▸ **DATA UNDER STUDY**

━━━━━━━━━━━━━━━━━━━━━━━━━━━━━━

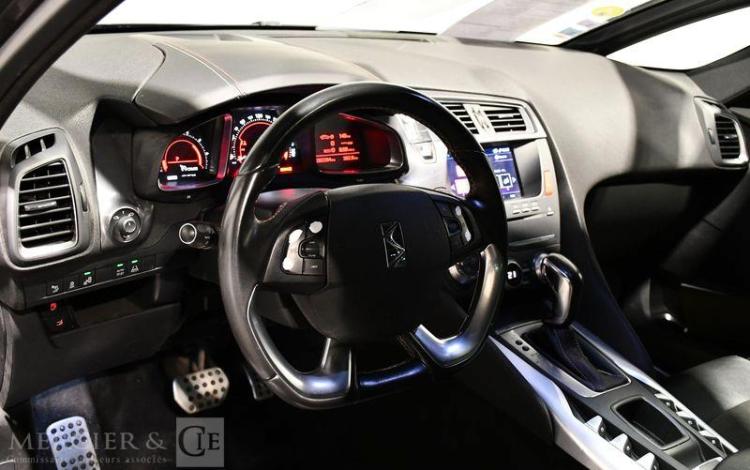 DS DS5 2.0 BLUEHDI 180 PERFORMANCE LINE EAT S&S GRIS FA-004-MQ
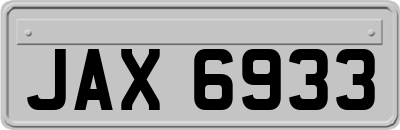 JAX6933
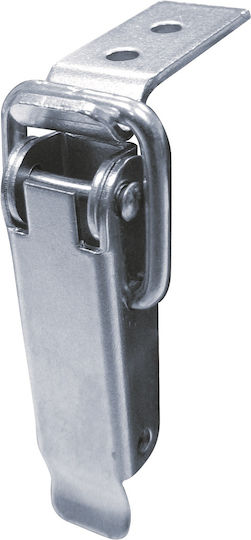 Galvanized Box Lock D-type Hook 75*18mm Hs 236750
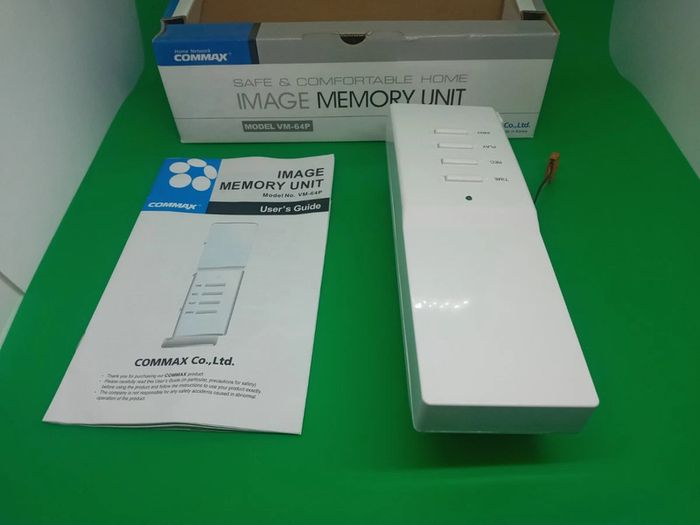 Postage - Commax - Model VM-64P Image Memory Unit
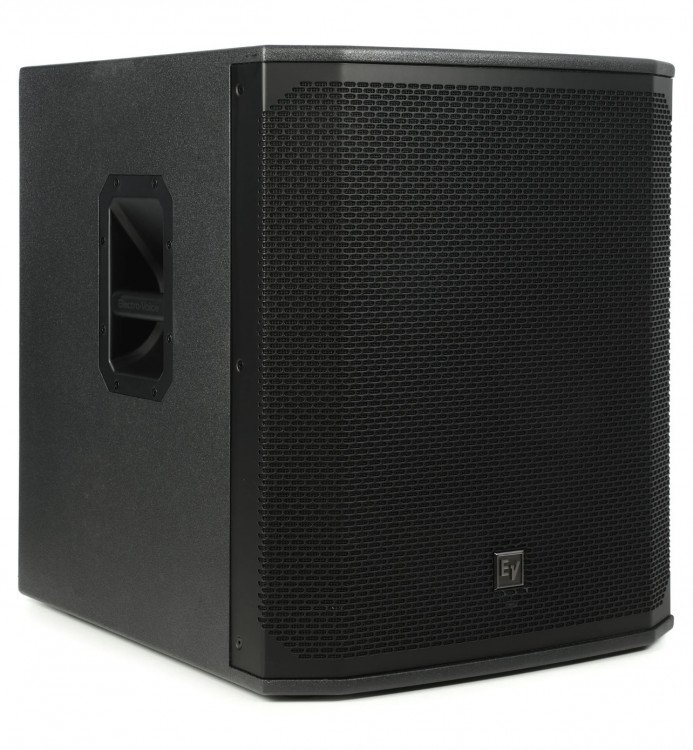 18” Powered Subwoofer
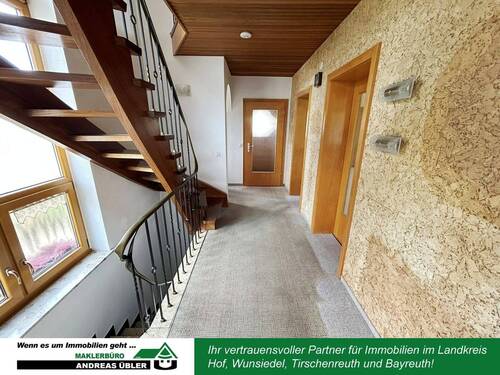 Treppenhaus - 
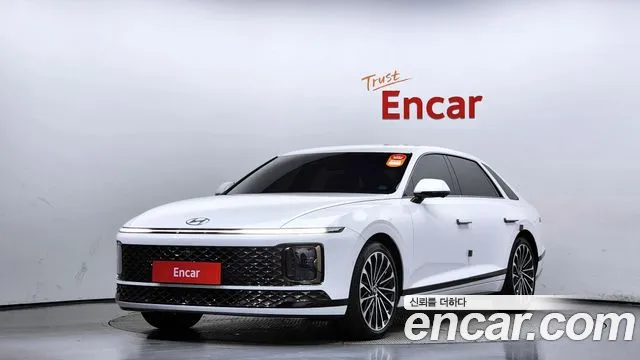 Hyundai Granger Calligraphy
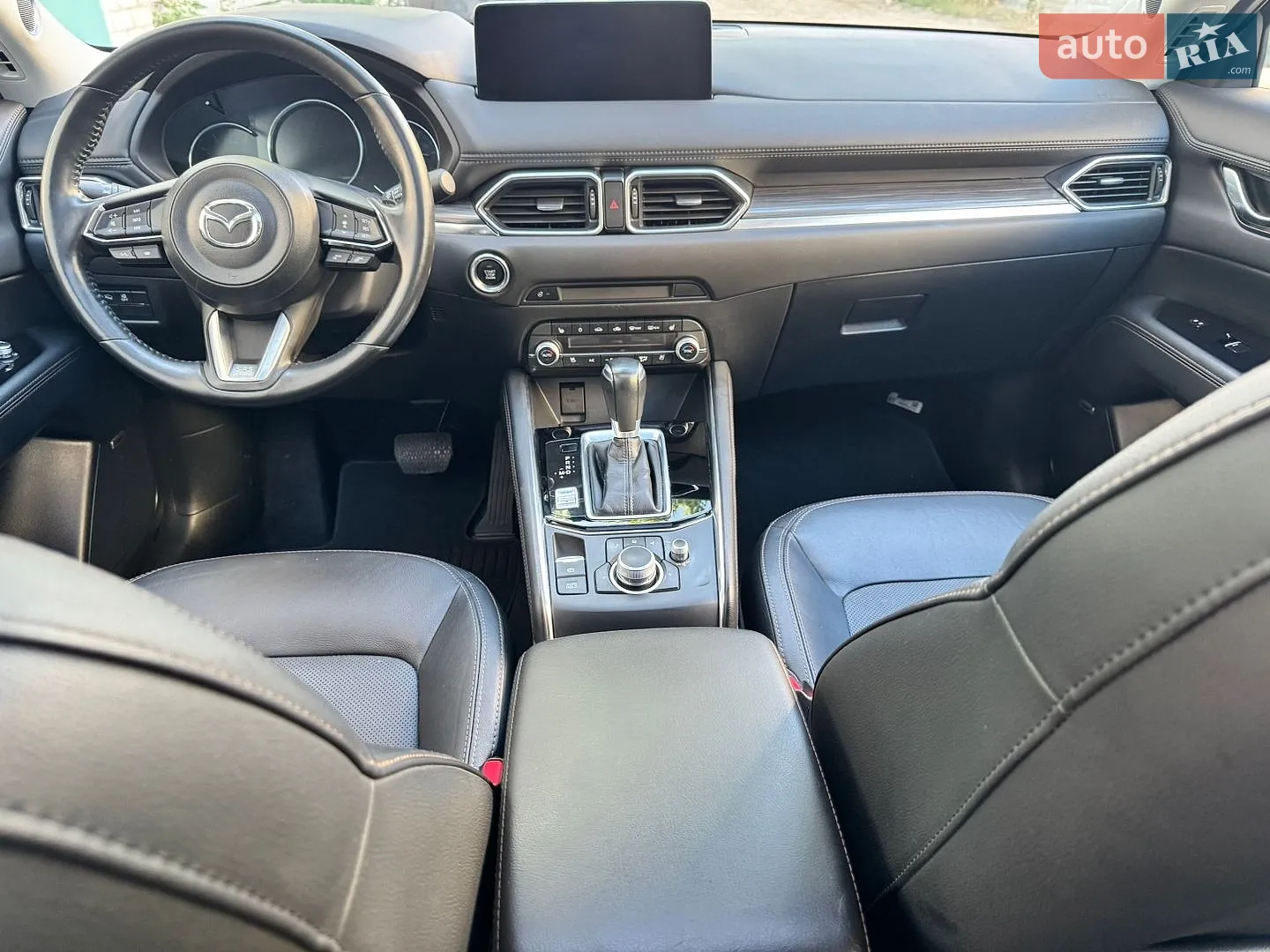 2021 Mazda CX-5 - мініатюра 28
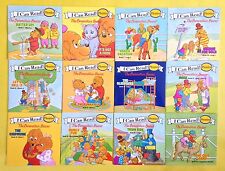 Berenstain Bears Phonics Kids Childrens Books Learn to Read I Can Read Lot 12 picture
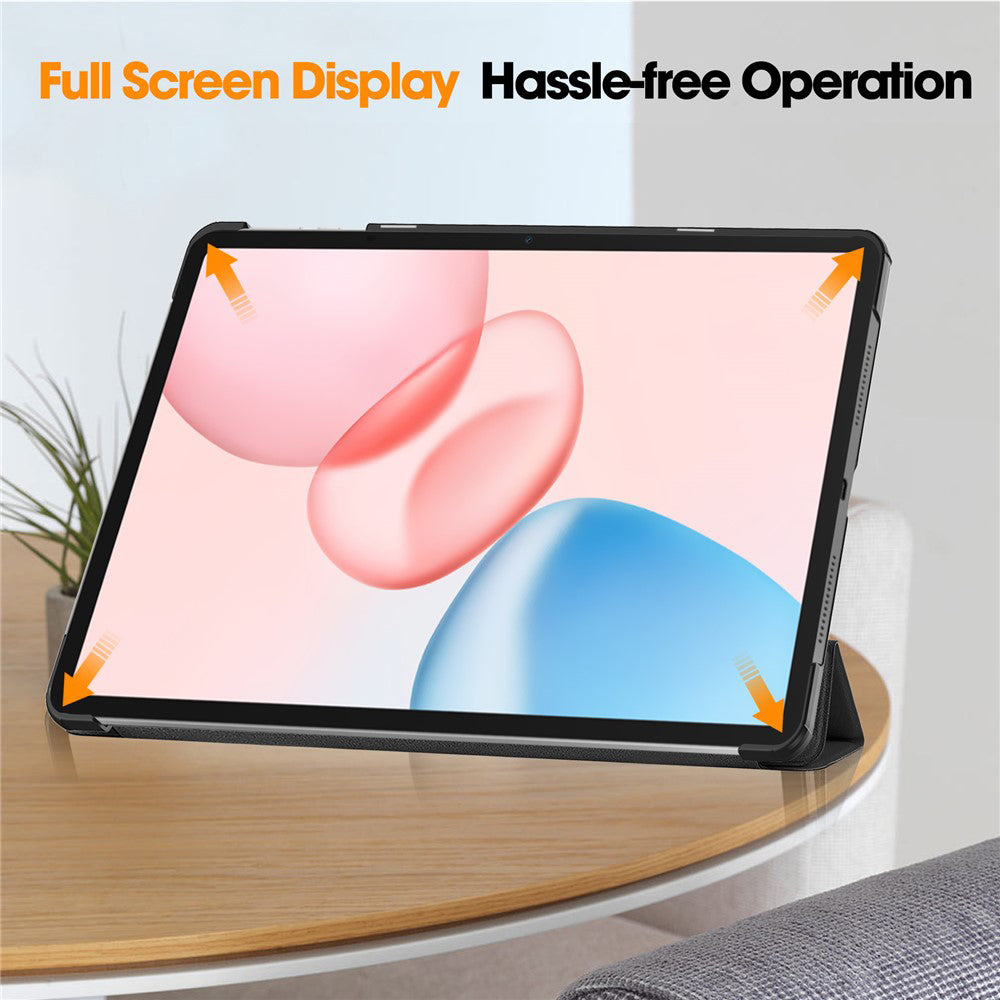 Cover til Honor Pad 10, Techsuit, FoldPro Unicorn, Multifarvet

━━━━━━━━━━━━━━━━━━━━━━━━━━━━━━

▸ **WHAT THE TASK REQUIRES**
Nothing but the pictures may be dropped; output the records above exactly.

▸ **OUTPUT BELOW**
 DS DS5 2.0 BLUEHDI 180 PERFORMANCE LINE EAT S&S GRIS FA-004-MQ
 JAX6933
 Galvanized Box Lock D-type Hook 75*18mm Hs 236750
 Postage - Commax - Model VM-64P Image Memory Unit
 18” Powered Subwoofer
 Treppenhaus - 
 Hyundai Granger Calligraphy
 2021 Mazda CX-5 - мініатюра 28
 Berenstain Bears Phonics Kids Childrens Books Learn to Read I Can Read Lot 12 picture
 Cover til Honor Pad 10, Techsuit, FoldPro Unicorn, Multifarvet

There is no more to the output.